Hearing the stories behind the ads is a wonderful thing to witness, and are at times funny and poignant. When discussing his inspiration behind the "Just Do It" campaign for Nike, Chow reveals that he actually heard about Gary Gilmore, who, while in the electric chair was asked for final words which were "Let's Do It", which obviously struck a nerve. Within the same campaign, while promoting women and girls in sports, the filmmakers played Nike's "If you let me play sports" commercial featuring young girls telling the camera the benefits of female sports participation, and there was barely a dry eye in the theater.

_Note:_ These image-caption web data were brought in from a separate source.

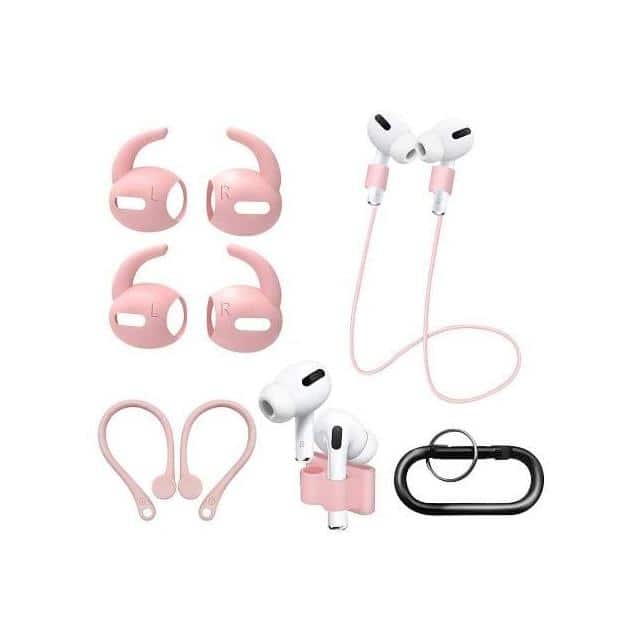 SB-A-PRO-PK PINK AIRPODS PRO ACCESSORIES - A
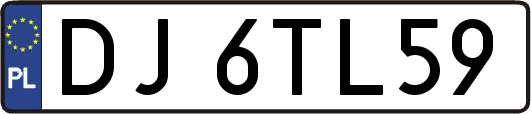 DJ6TL59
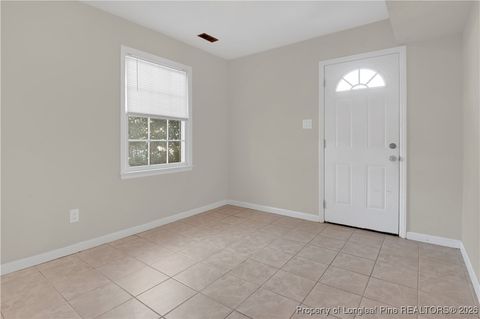 Tiny photo for 508 Bay Shore Drive, Fayetteville, NC 28301 (MLS # 755612)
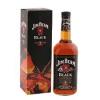 Whisky jim beam black  70cl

Personally, I would have found this film fascinating even if it weren't as well done based on my profession. Being in Marketing, I considered everything I was seeing as a learning experience and sage advice. One favorite tip: "I never work with a committee. People have a committee in the first place to share the blame." Though most of them have different personalities, most are colorful (especially Lois, who garnered the most laughs with his dark humor and sailor-like vocabulary) but all have the passion for their profession in common. Watching Art & Copy is a sublime experience, and in doing so, it partially follows a philosophy that is postulated during the film: It's not about the product, it's about people wanting to be part of the group that "gets it", whether it be humor or whatnot. In this case, the product was outstanding and I wanted to be part of their group.